Photo by Sarah Kieffer
Zoë François
Dough? D’oh! “It costs 50 cents to bake a loaf of bread at home,” François says of our current moment. “It’s a task for people to do.”
Normally, visiting the stylish and well-equipped Lowry Hill kitchen of Zoë François would mean a glass of bubbles and some throwback ’90s hip-hop beats shaking the stools. But there’s no flour in the air during my latest chat with the local baking star. Today, over Zoom, her kitchen in the background appears quiet, and we are both drinking water. François’s ebullient gray curls rest in a topknot.
Even in the time of social distancing, however, François lights up the screen with gut-busting laughter and makes you feel like everything will turn out fine. This is only part of the reason that she has more than 200,000 followers on Instagram, a new book coming out, and possibly a TV show in the works.
François didn’t get here just by snapping pretty photos and declaring herself an Instagram influencer. “Of my social media baking peers, I am clearly the oldest,” François says.
Go far enough back, and François can talk about her early-1990s pastry chef gigs for notable local chefs like Steven Brown and Andrew Zimmern. If we go further back still, we could talk about how she grew up on a commune in Vermont and renamed herself Donna for a while. (That has less to do with baking, however: We’ll let Donna/Zoë get to it on her TV show.)
François began to get national props with her first book, Artisan Bread in Five Minutes a Day, written with Dr. Jeff Hertzberg, in 2007. A bestseller, it helped define the no-knead bread category and inspired a slew of readers to tackle the idea of home bread baking. No fewer than six books followed in that series, applying the easy-rise method to holiday breads, gluten-free breads, and pizza doughs.
As a career path, book writing gave her the time to raise her two boys. But she kept up with her old kitchen crews, writing the dessert menus for Brown’s Tilia when it opened. And she kept widening her circle, traveling to Ireland with Kerrygold butter and writing for Cherry Bombe magazine.

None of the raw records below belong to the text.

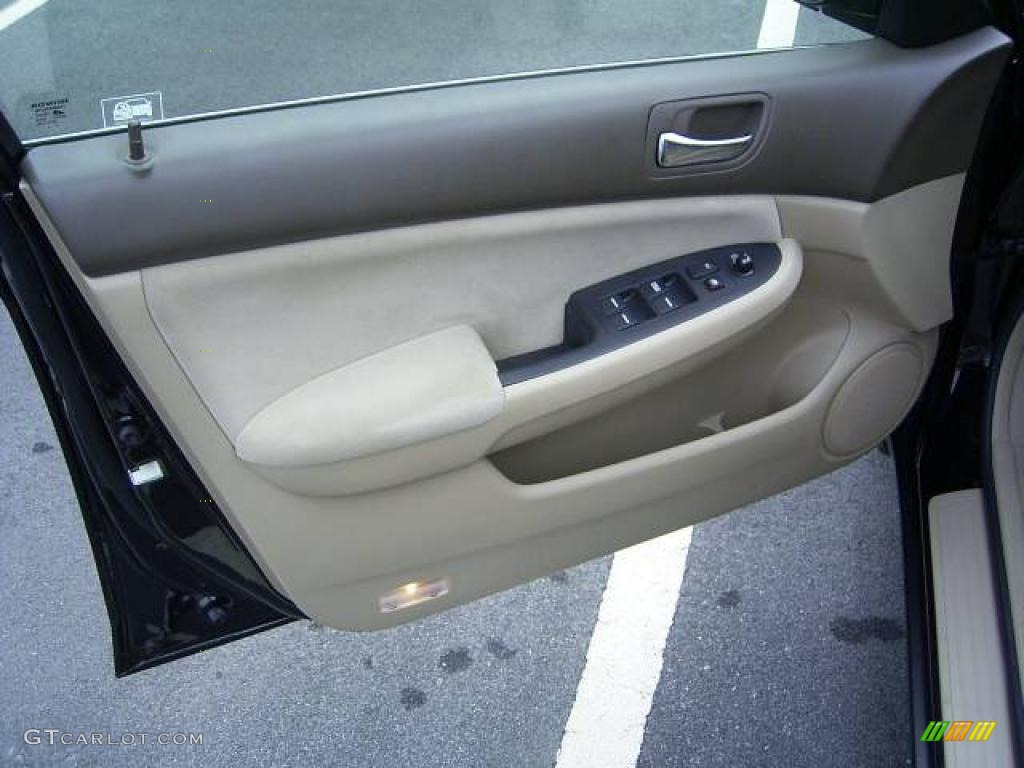 2006 Accord LX Sedan - Nighthawk Black Pearl / Ivory photo #7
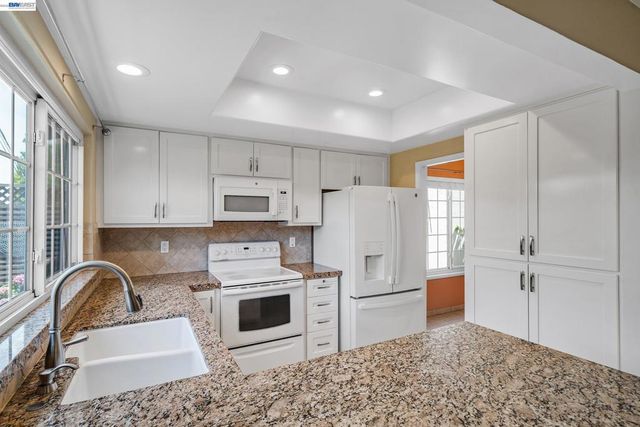 39052 Levi St, Newark, CA 94560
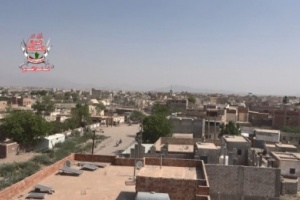 شهداء وجرحى من أسرة واحدة بسقوط قذيفة حوثية على منزلهم في حيس جنوب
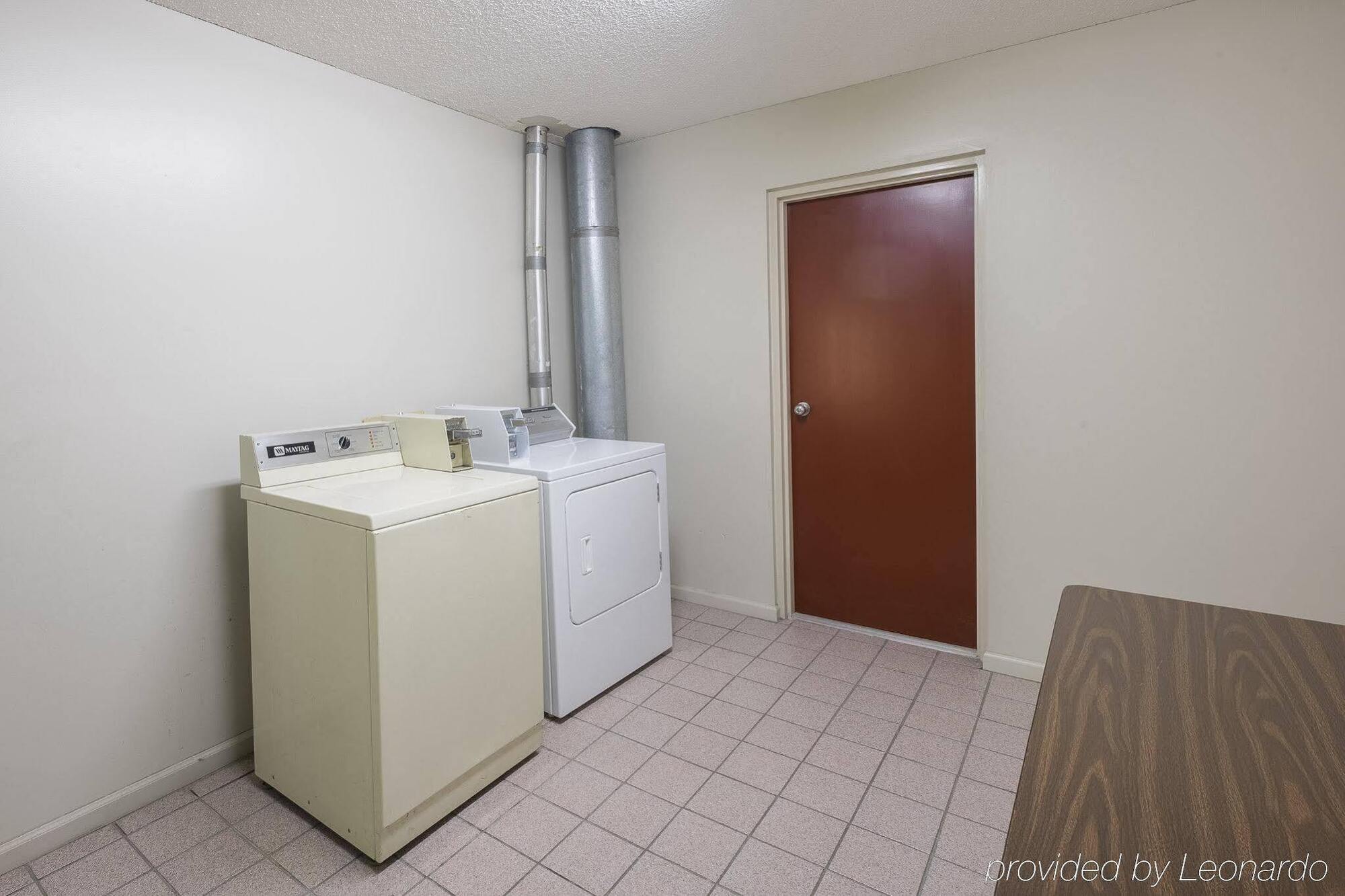 Red Roof Inn Clarksville Ngoại thất bức ảnh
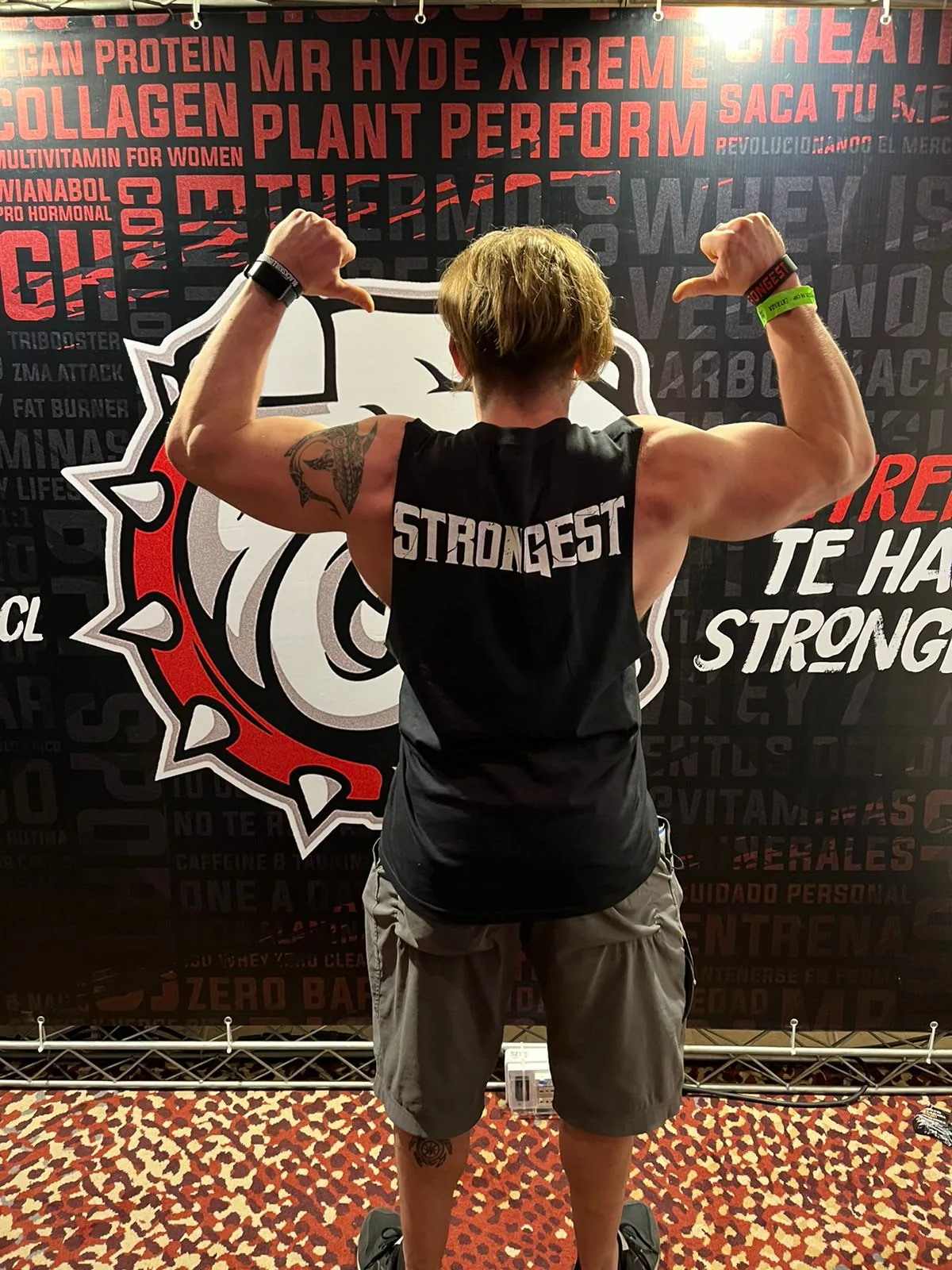 Polera Team Strong Tank · imagen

François’s next book, focusing on cakes and slated for Ten Speed Press, will be the first one written on her own, without Hertzberg. It follows the attention she’s received from her fairly massive Instagram following. In daily stories and weekly posts, she artfully constructs beautiful cakes towering with spikes of candied carrot peels. And her delicate pavlovas have fascinated a new baking generation.
“I thought the bread-book chapter was kind of done,” she says. “But now here we are.”

Zoë François Desserts
Left: François lights up Instagram with this blood-orange creamsicle semifreddo, and other desserts. Right: Treats like this boozy cherry pavlova are the subject of François’s upcoming baking book—her first solo effort.
Here we are, indeed. Her no-knead books have been selling out again, while the artisanal bread website has seen a dramatic increase in traffic. National news stories have reported a run on yeast and flour that has created brief shortages. François is not so surprised that in the time of quarantines, people want to bake some bread. “I mean, it costs 50 cents to bake a loaf of bread at home. It’s a task for people to do.”
She adds, “I don’t think any of us were ready for the idea of what it really meant to have an entire country be in their homes and not be able to go out. I did an Instagram Live demo for bread, and that went insane.”
Our anxious moment reminds François of 2008, when the recession hit and the DIY food culture really got going. But social media has changed the social dynamic. “We never had the back-and-forth like we do now, and I never knew what they looked like. I never saw what they were actually doing. But now, I’m in it with them. I see their kids and their kitchens. I love Instagram for that. It’s about connection and creativity. It’s still a joyful sharing thing.”
It’s really hard to have to work on a book when all I want to do is get in front of a camera to connect and bake with people!
For those who are cake-obsessed, don’t worry. François isn’t giving up her sweets. “I’m trying to be sensitive to the fact that maybe people don’t have access to as many things right now,” she says. “And you can make a loaf of bread with four ingredients. Plus I’m getting a lot of requests for recipes for one or two people and more healthy things.”
Offline, François is currently working on the cake-book manuscript. But that work feels somehow less essential. “It’s really hard to have to work on a book when all I want to do is get in front of a camera to connect and bake with people!” she says. “In a time that’s so stressful, it’s a hundred percent where I go.” The still-untitled book should come out next March—once she knuckles down and finishes it.
Another essential distraction to writing? She’s been working for the better part of a year with Zimmern’s broadcast production company, Intuitive Content, to come up with a food-and-cooking- show project. They’d finally started making real progress when the pandemic waylaid all of our expectations about what lies ahead.
The good news? While we are Zooming, François receives a text with an important note. Apparently, plenty of her projects are still moving! François breaks into her signature wide grin and does a little dance. She can’t predict exactly what a show would entail. “They might as well call it Zoë’s Weird-Ass Life!” she says.